» **PROBLEM DETAILS**: Starting at the line that contains "legging-chauffant-seamless-g-heat-sec3", reproduce only the lines through the end of the data, exactly, including both the first and the last; skip the pictures.

Captioned web images:
[Start of section]

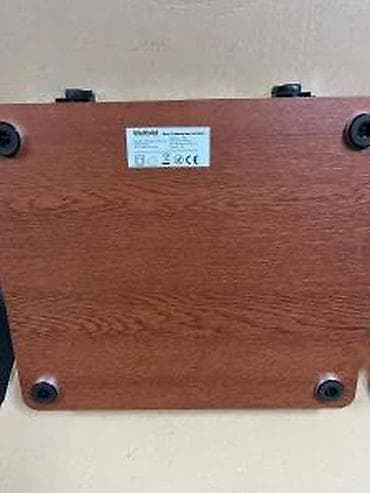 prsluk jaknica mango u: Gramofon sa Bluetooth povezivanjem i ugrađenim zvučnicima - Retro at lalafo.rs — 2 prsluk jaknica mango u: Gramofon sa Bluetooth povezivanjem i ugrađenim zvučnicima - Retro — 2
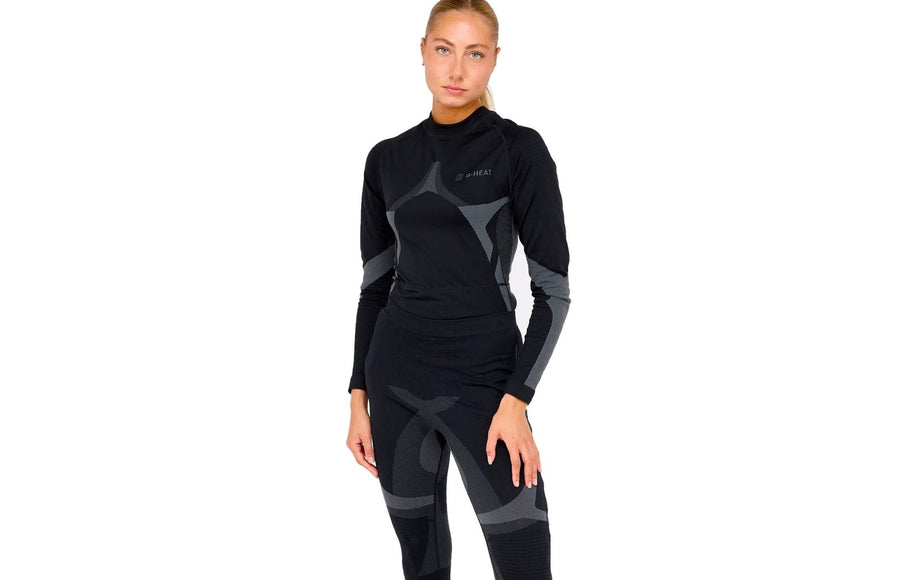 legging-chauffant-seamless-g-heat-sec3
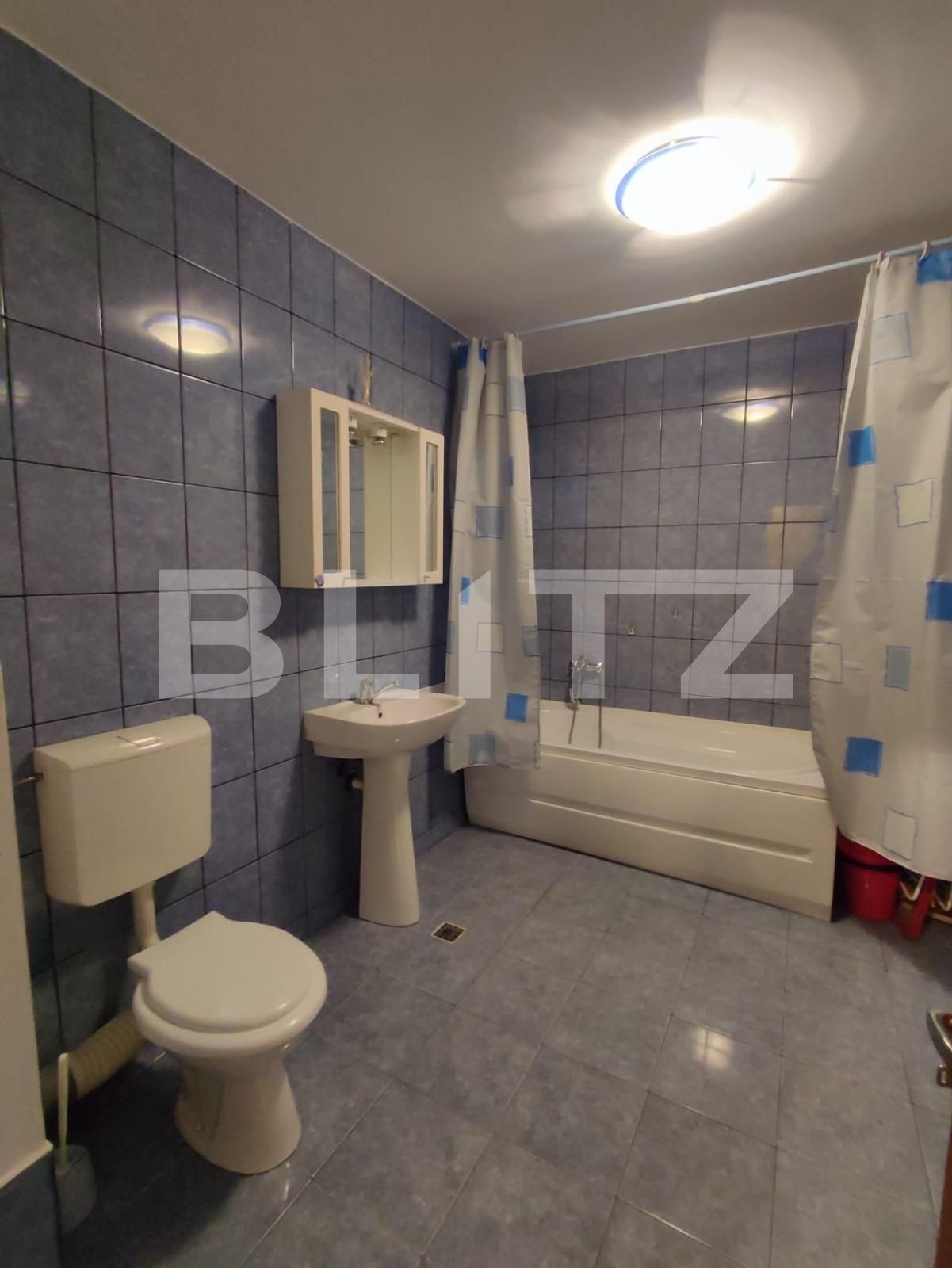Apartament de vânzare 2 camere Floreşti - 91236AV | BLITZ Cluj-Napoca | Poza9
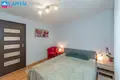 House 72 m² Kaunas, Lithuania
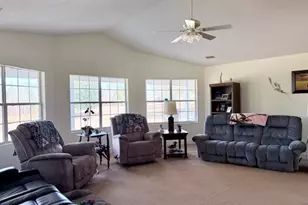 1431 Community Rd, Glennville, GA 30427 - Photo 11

[End of section]

» **ANSWER SPACE**:
 legging-chauffant-seamless-g-heat-sec3
Apartament de vânzare 2 camere Floreşti - 91236AV | BLITZ Cluj-Napoca | Poza9
 House 72 m² Kaunas, Lithuania
 1431 Community Rd, Glennville, GA 30427 - Photo 11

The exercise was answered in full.